** MATERIAL SUPPLIED follows **
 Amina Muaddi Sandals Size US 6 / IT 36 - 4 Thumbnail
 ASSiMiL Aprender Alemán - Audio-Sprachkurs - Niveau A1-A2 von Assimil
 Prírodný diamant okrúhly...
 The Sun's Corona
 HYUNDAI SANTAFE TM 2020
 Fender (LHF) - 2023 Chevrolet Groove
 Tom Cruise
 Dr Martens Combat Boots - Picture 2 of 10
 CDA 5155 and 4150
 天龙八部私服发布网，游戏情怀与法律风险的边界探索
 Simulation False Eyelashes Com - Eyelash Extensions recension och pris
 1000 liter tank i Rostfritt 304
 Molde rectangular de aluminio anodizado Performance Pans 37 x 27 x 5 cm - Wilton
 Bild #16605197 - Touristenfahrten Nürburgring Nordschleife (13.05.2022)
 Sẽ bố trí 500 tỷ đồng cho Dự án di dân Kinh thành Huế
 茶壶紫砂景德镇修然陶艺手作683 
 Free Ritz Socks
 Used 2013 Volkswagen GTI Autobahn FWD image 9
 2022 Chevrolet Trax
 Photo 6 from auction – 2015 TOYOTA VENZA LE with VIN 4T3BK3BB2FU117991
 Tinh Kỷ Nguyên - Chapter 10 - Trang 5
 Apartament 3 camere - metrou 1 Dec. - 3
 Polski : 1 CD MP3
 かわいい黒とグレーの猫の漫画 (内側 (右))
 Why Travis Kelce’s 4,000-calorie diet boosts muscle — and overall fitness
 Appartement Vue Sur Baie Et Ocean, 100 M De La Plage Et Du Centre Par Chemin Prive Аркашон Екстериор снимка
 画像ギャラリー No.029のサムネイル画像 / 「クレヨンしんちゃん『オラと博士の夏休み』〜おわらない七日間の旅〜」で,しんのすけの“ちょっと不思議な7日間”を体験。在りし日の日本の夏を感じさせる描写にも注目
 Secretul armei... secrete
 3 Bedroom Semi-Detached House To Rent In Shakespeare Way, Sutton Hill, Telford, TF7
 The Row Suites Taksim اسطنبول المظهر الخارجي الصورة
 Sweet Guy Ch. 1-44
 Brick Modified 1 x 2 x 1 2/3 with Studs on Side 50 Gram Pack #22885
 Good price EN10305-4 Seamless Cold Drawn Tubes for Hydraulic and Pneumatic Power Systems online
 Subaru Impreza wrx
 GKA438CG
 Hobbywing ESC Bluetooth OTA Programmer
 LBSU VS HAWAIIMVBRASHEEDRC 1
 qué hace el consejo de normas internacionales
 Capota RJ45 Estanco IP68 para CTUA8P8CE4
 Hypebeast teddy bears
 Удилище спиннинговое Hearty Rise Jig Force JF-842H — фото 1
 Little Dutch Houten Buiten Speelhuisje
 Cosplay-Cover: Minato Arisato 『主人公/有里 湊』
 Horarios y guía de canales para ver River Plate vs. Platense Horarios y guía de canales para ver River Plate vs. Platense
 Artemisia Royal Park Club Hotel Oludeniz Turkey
** End of MATERIAL SUPPLIED **
• ASSIGNED TASK:
From top to bottom, repeat the data above without alteration.

• TASK SOLUTION:
 Amina Muaddi Sandals Size US 6 / IT 36 - 4 Thumbnail
 ASSiMiL Aprender Alemán - Audio-Sprachkurs - Niveau A1-A2 von Assimil
 Prírodný diamant okrúhly...
 The Sun's Corona
 HYUNDAI SANTAFE TM 2020
 Fender (LHF) - 2023 Chevrolet Groove
 Tom Cruise
 Dr Martens Combat Boots - Picture 2 of 10
 CDA 5155 and 4150
 天龙八部私服发布网，游戏情怀与法律风险的边界探索
 Simulation False Eyelashes Com - Eyelash Extensions recension och pris
 1000 liter tank i Rostfritt 304
 Molde rectangular de aluminio anodizado Performance Pans 37 x 27 x 5 cm - Wilton
 Bild #16605197 - Touristenfahrten Nürburgring Nordschleife (13.05.2022)
 Sẽ bố trí 500 tỷ đồng cho Dự án di dân Kinh thành Huế
 茶壶紫砂景德镇修然陶艺手作683 
 Free Ritz Socks
 Used 2013 Volkswagen GTI Autobahn FWD image 9
 2022 Chevrolet Trax
 Photo 6 from auction – 2015 TOYOTA VENZA LE with VIN 4T3BK3BB2FU117991
 Tinh Kỷ Nguyên - Chapter 10 - Trang 5
 Apartament 3 camere - metrou 1 Dec. - 3
 Polski : 1 CD MP3
 かわいい黒とグレーの猫の漫画 (内側 (右))
 Why Travis Kelce’s 4,000-calorie diet boosts muscle — and overall fitness
 Appartement Vue Sur Baie Et Ocean, 100 M De La Plage Et Du Centre Par Chemin Prive Аркашон Екстериор снимка
 画像ギャラリー No.029のサムネイル画像 / 「クレヨンしんちゃん『オラと博士の夏休み』〜おわらない七日間の旅〜」で,しんのすけの“ちょっと不思議な7日間”を体験。在りし日の日本の夏を感じさせる描写にも注目
 Secretul armei... secrete
 3 Bedroom Semi-Detached House To Rent In Shakespeare Way, Sutton Hill, Telford, TF7
 The Row Suites Taksim اسطنبول المظهر الخارجي الصورة
 Sweet Guy Ch. 1-44
 Brick Modified 1 x 2 x 1 2/3 with Studs on Side 50 Gram Pack #22885
 Good price EN10305-4 Seamless Cold Drawn Tubes for Hydraulic and Pneumatic Power Systems online
 Subaru Impreza wrx
 GKA438CG
 Hobbywing ESC Bluetooth OTA Programmer
 LBSU VS HAWAIIMVBRASHEEDRC 1
 qué hace el consejo de normas internacionales
 Capota RJ45 Estanco IP68 para CTUA8P8CE4
 Hypebeast teddy bears
 Удилище спиннинговое Hearty Rise Jig Force JF-842H — фото 1
 Little Dutch Houten Buiten Speelhuisje
 Cosplay-Cover: Minato Arisato 『主人公/有里 湊』
 Horarios y guía de canales para ver River Plate vs. Platense Horarios y guía de canales para ver River Plate vs. Platense
 Artemisia Royal Park Club Hotel Oludeniz Turkey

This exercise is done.